Many candidates for a self-synchronizing varuint encoding exist, but to keep the density of the original encoding, the prefix scheme is retained. The decoding ambiguity is caused by the presence of the 254 and 255 bytes in the payload, so these are prohibited from occurring there. This step effectively transforms the original encoding from base256 into base254. The encodable range drops from 16777216 to 16387064, but since these values encode run lengths, the entire 24-bit range is not strictly required. We need just as much capacity as necessary for compact encoding of typically occurring run lengths, and almost 16-megabyte-long runs are hardly seen in practice. If the capacity were insufficient, Iguana (and Lizard, just slightly later) would emit two or more tokens to cover the excessively long run. The bitstream remains valid, so it is not a big deal.

From tables to ranges (or: tANS to rANS)

Concerning the fourth problem, saturating the memory bus with massive amounts of gather/scatter requests and competing for cache capacity with the actual data being processed is precisely what should be avoided at all costs in a high-performance scenario. Luckily, tANS has an older sibling, the rANS or range ANS in full form. It is conceptually exquisite and enjoys a compact implementation. However, its author does not praise it enough due to its heavy demand for efficient integer multiplication hardware. But not only do the AVX-512-capable processors have efficient vectorized multipliers, these multipliers operate independently from the load/store units.

Final words and Future plans

Iguana is a part of the open-source Sneller so you can check it out if you are interested in the details.
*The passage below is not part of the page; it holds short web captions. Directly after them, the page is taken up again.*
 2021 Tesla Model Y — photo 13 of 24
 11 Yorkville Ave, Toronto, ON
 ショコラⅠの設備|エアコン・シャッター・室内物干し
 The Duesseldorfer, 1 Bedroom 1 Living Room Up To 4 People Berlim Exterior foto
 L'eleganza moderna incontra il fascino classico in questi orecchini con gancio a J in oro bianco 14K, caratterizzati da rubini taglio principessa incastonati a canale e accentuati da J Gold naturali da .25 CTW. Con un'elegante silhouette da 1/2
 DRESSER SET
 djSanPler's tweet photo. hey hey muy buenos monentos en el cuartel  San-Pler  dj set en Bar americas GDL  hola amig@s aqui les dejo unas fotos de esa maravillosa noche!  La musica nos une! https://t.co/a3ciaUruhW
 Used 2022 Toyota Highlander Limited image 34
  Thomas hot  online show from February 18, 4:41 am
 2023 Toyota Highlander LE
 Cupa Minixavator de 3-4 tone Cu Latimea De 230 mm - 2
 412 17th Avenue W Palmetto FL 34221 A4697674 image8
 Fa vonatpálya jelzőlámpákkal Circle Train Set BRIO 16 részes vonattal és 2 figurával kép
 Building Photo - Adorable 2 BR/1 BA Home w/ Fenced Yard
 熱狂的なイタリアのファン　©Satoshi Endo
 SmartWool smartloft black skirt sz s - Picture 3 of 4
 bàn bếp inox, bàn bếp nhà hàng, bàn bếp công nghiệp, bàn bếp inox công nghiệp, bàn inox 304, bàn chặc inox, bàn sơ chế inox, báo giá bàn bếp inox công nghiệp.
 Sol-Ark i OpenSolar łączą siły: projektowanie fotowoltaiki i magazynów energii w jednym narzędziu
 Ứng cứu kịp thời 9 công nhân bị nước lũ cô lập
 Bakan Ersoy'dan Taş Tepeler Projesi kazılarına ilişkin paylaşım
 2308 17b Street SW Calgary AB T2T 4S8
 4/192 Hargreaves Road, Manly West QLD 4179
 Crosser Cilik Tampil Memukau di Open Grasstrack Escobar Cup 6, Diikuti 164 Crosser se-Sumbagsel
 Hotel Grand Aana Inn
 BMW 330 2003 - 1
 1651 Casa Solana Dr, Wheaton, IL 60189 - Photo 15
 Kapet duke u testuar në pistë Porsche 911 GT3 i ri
In addition to the optimized AVX-512 assembly implementation, it also contains a reference implementation written fully in Go.

We are using the Iguana compression already in Sneller Cloud for very fast and efficient log analysis. We are planning on releasing it as a standalone compression library for Golang in the near future.

Appendix A: Benchmarking

Two forms of benchmarking are relevant for comparative performance analysis. One is to rely on a standardized input, and currently, the Silesia corpus is the weapon of choice. The zstd and lz4 command line tools have a built-in option ‘-b’. Since Iguana still lacks a stand-alone compression utility, Phil Hofer created the compbench program to allow performance comparison. Using the tool is as simple as:

$ go install github.com/SnellerInc/compbench@latest
$ compbench

Note that currently, Iguana depends on the AVX-512 instruction set with the VBMI2 extension. In the absence thereof, a scalar, non-optimized reference implementation in Go is activated, and the results — while still correct — would be somewhat far from the depicted values in terms of performance. A variant not relying on the VBMI2 extension is now subject to code review, so running the decompressor on any AVX-512-capable machine will soon be possible, including Skylake-X. The early benchmarking figures are encouraging, suggesting that no less than 90% of the VBMI2 performance is to be recovered. However, we plan to stop there, as the AVX-512 support is required by the Sneller product anyway.

While Iguana performs (surprisingly) well in the universal compression case, the other benchmarking form takes the ION context into account. Sneller can use both zstd and Iguana to compress the data sets, so a comparative benchmark is available in the zion directory: go test -bench . The zion data format usually gives Iguana roughly 50% higher decompression performance and compression ratio than in the Silesia case.